:: Material for the task

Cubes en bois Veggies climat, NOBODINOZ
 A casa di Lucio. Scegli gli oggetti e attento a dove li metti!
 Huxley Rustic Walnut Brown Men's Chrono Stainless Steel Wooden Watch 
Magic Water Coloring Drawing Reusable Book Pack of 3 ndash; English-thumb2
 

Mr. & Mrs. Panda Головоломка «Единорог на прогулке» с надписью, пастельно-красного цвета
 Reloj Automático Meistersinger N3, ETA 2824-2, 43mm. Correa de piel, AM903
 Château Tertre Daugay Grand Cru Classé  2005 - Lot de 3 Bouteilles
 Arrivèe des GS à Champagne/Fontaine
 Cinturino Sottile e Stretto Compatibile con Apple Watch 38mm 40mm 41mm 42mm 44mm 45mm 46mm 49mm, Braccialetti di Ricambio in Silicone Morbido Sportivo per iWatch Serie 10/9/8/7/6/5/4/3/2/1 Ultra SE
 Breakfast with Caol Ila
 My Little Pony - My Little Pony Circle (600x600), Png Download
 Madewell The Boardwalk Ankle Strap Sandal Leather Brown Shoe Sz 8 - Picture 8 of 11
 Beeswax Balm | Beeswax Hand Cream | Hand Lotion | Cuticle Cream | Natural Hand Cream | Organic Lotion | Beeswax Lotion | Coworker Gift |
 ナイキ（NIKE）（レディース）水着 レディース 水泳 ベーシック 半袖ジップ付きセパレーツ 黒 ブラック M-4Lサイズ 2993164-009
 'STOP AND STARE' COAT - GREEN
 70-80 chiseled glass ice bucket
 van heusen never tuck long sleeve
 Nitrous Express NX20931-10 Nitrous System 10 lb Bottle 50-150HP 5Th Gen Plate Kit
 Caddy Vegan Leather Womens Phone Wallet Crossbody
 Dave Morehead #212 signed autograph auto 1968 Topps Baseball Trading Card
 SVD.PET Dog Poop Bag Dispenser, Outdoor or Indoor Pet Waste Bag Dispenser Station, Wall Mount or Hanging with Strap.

::::

Task objective :: From the entries above, tally every line holding the string "with". Give only the count.

Task answer :: 2